Frederico Antunes, do PSD (Partido Social Democrático), tem 2%, e Cláudio Diaz, do PSDB (Partido da Social Democracia Brasileira), alcança apenas 1%.
A quantidade de eleitores indecisos chega a 28%, enquanto 18% afirmaram que optariam por votos em branco ou nulos ou que não participariam da votação.
Cenário alternativo
No segundo cenário apresentado pela Quaest, Manuela D’Ávila mantém-se à frente com 13%, seguida por Germano Rigotto com 12%.
Paulo Pimenta obteve 10%, enquanto Marcel Van Hattem aparece com 9%, Ubiratan Sanderson com 6% e Frederico Antunes com 3%.
Neste contexto, o percentual de indecisos permanece em 28%, enquanto aqueles que pretendem votar em branco, nulo ou não vão votar é de 19%.

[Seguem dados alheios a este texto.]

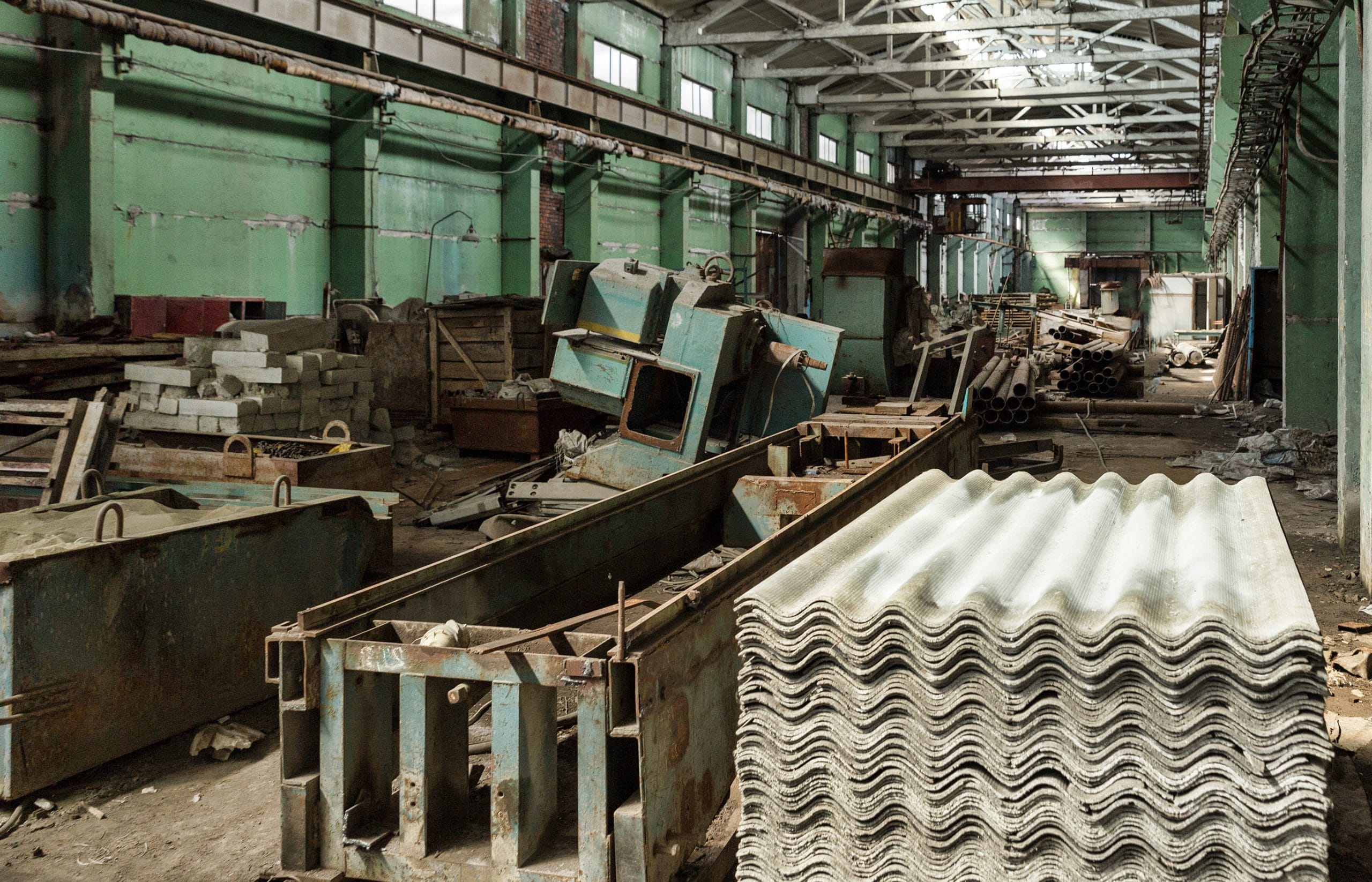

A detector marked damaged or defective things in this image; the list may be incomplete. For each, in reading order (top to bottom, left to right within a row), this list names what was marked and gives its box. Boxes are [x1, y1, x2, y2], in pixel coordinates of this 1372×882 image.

rusty pipe along wall [5, 0, 922, 229]
rusty steel beam [900, 171, 1202, 192]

Mudanças nas preferências eleitorais
A pesquisa também investigou se os entrevistados consideram suas escolhas para senador definitivas. Entre eles, 62% afirmaram que podem mudar seu voto caso surjam novas informações até a data da eleição.
Por outro lado, 37% dos participantes disseram que já têm uma escolha firmada. O percentual de pessoas que não souberam ou não responderam ficou em apenas 1%.